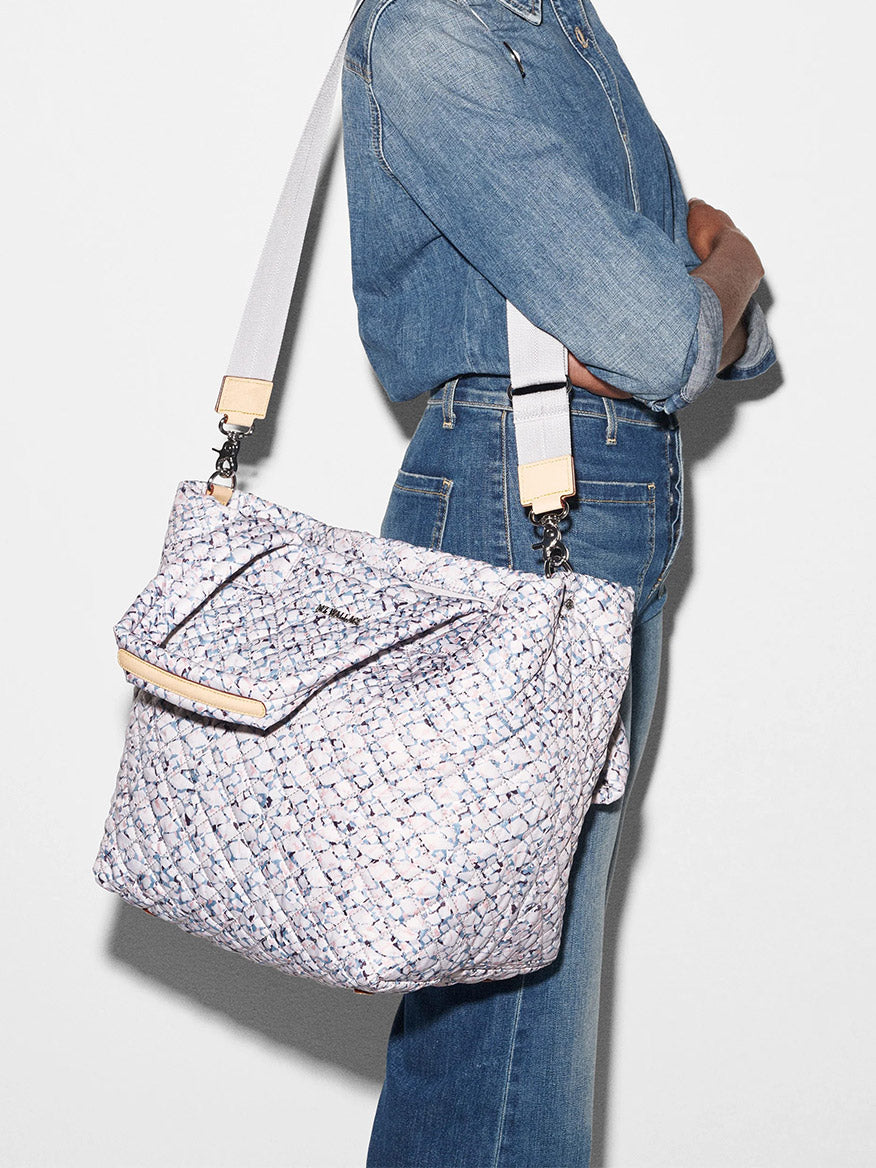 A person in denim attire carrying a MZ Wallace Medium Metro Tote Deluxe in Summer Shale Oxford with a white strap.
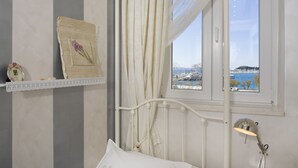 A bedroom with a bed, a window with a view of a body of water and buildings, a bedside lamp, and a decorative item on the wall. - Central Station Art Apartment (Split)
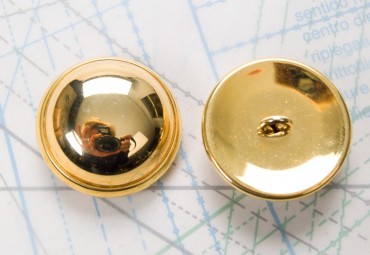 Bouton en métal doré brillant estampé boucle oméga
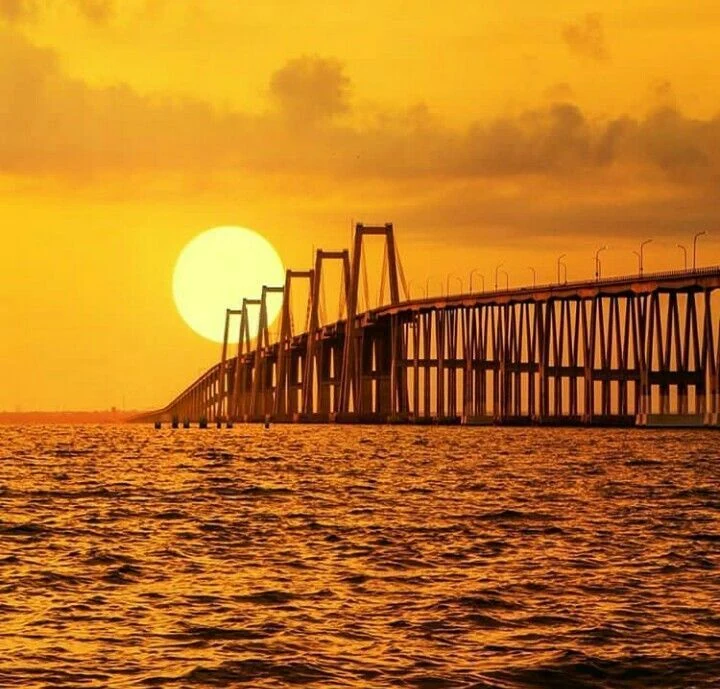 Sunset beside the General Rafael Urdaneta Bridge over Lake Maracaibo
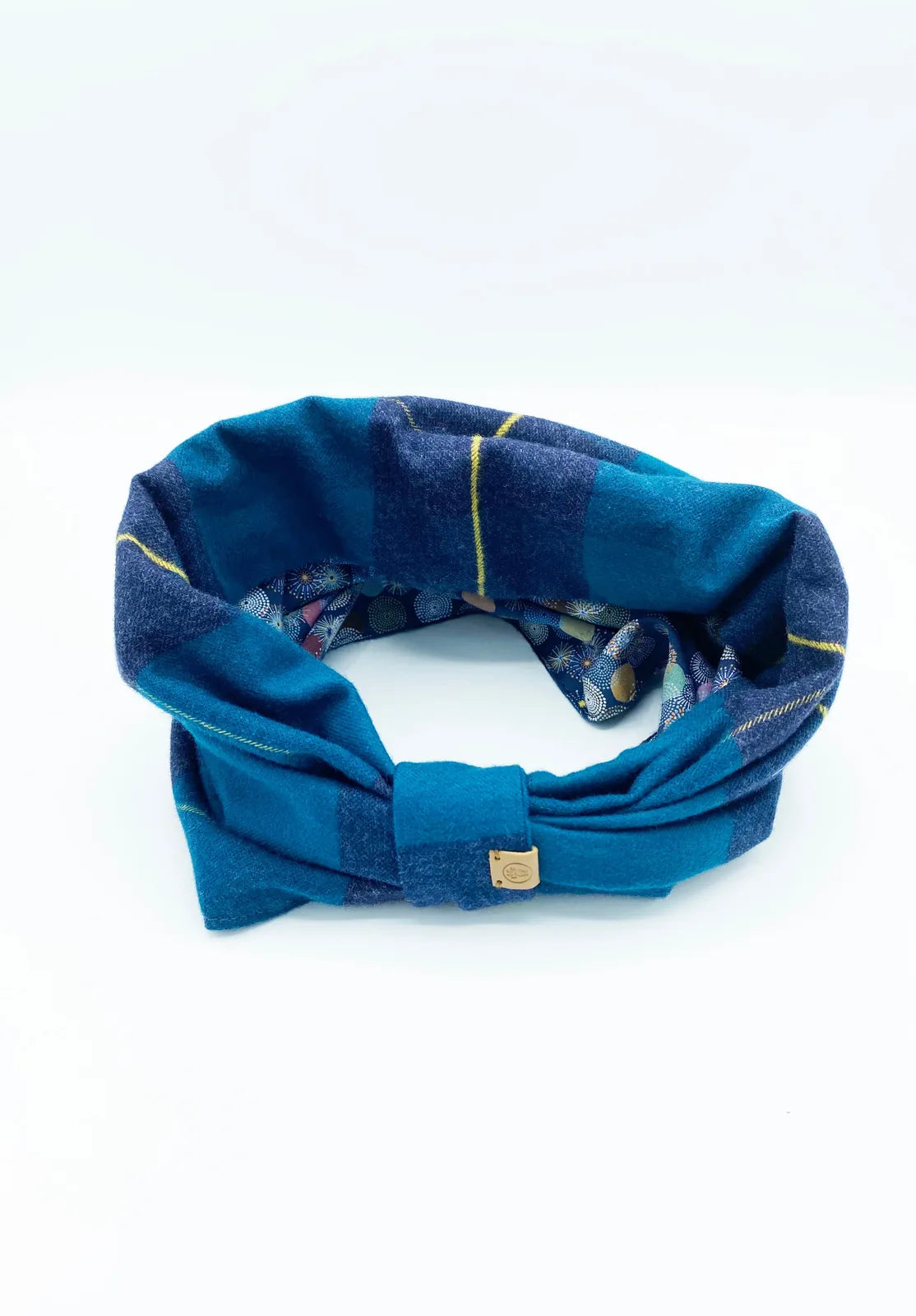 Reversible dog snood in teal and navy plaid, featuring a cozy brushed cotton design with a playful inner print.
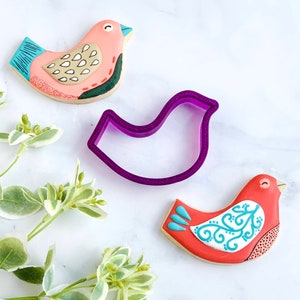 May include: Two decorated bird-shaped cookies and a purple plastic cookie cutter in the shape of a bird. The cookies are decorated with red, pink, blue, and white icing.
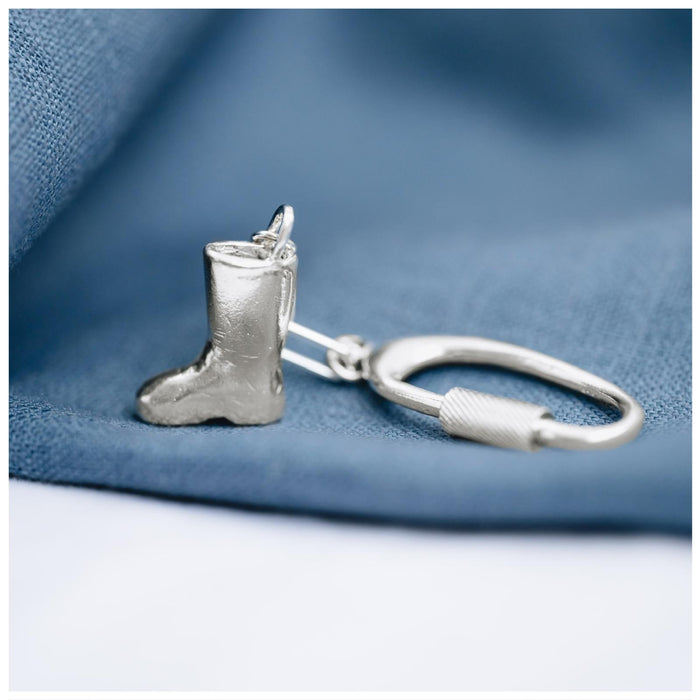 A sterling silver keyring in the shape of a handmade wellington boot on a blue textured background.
--
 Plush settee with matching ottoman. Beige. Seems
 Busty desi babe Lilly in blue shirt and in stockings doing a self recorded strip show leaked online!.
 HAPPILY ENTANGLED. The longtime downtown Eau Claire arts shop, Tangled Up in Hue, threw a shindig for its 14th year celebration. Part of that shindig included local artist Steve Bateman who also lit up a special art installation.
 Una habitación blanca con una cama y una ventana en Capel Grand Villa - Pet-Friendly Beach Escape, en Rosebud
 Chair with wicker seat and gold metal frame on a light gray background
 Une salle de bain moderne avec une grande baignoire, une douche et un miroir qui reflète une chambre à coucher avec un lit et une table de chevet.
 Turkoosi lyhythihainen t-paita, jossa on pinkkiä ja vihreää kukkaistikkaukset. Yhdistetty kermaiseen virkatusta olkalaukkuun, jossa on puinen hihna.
--
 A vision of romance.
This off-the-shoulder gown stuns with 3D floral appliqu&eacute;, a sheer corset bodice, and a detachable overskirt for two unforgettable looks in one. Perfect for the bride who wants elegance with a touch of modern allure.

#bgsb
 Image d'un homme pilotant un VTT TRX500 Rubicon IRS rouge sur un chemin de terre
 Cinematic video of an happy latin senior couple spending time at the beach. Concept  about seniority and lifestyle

- _Exercise_:
Retype, exactly and with no pictures, everything above from the line with "Sunset beside the" down to the line with "Reversible dog snood", both included.

- _Task result_:
 Sunset beside the General Rafael Urdaneta Bridge over Lake Maracaibo
 Reversible dog snood in teal and navy plaid, featuring a cozy brushed cotton design with a playful inner print.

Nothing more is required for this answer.